Now that I was venturing into the uncharted waters of a career transition, writing was one of the things I desired to revisit.

Could this be my next career?

Hmmm.

I’d taken classes in New York and been touch-and-go with my memoir and screenplay and consistency was nill.

So thankfully my subconscious brain made the connection and convinced me to contact Kristen as soon as I got home.

She seemed to have it all together as a professional writer so I was hoping it’d rub off on me via osmosis. Or something.

So we met up. Had a chat. And were instant peeps.

Soul sisters separated at birth.

And she reminded me that we’d met when I was only three.
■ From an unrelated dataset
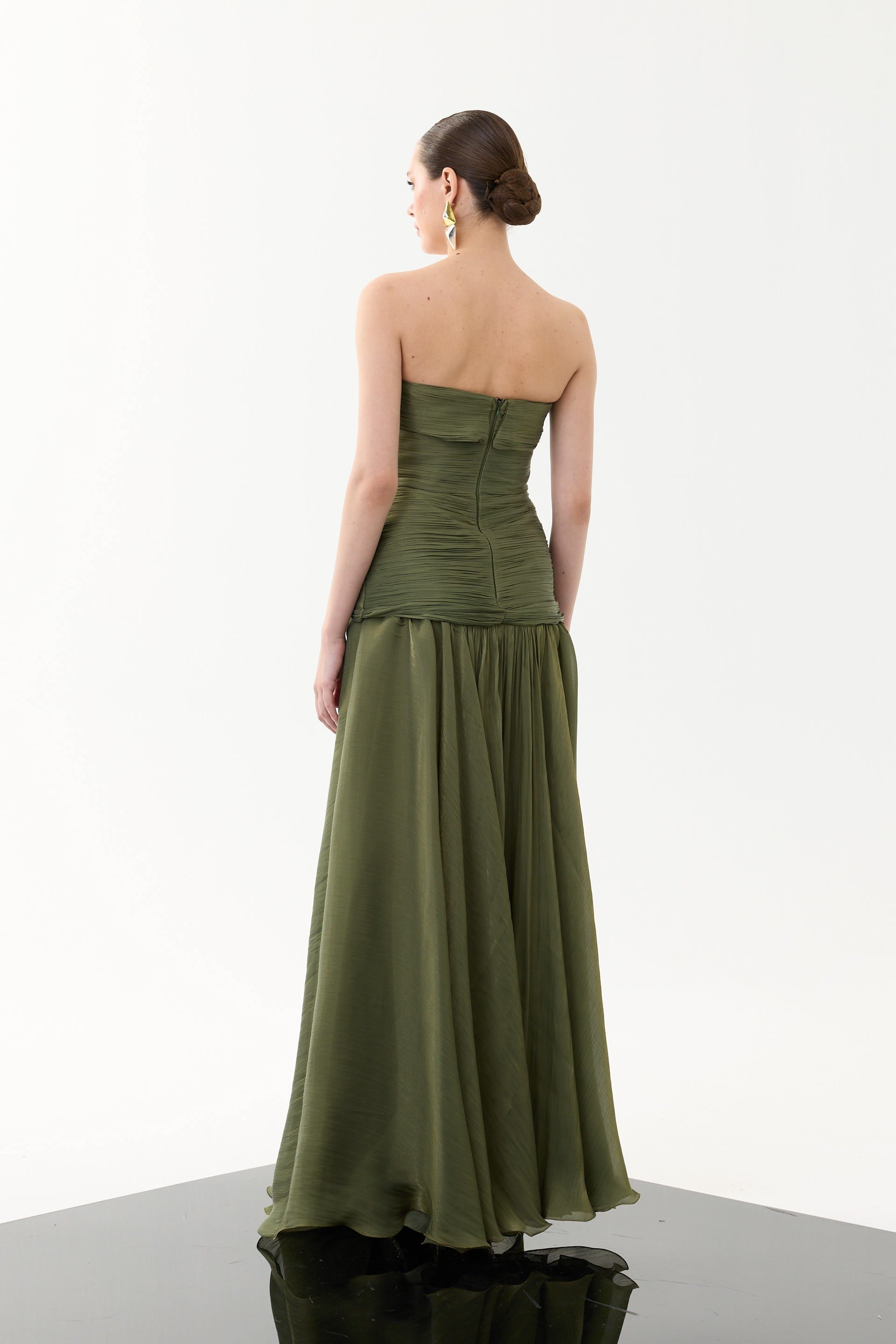 58752-12CARMENCarmen Haki Straplez Yırtmaçlı Organze Abiye Elbise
At my parent’s ballet studio. She was one of the big kids that I looked up to in awe.

So we began hanging out on a weekly basis. Me- getting her out of her mommy/writer comfort zone taking her to museums and introducing her to Bikram yoga. She- getting me to focus and start taking my writing to the next level as a professional.

But never could we have imagined the magnitude to which this casual friending on Facebook would lead to.

Now, one year later, we’ve formed a company together which is going to revolutionize the world of the arts. Or at least that’s our goal. 😉

I have found the job I am meant to do. Which is supporting artists and creating art.

I am more proud of this project that anything I’ve ever done to date. The evolution of this business has given me so many Aha moments in that now I know why I was put on this earth.

And I owe this all to Facebook.

So while some of us begrudge it. Complain that it’s a time suck. Or don’t find the point of it all. Just know that if you allow it, this revolutionary communication medium could very well connect you to the destiny you never even knew you wanted.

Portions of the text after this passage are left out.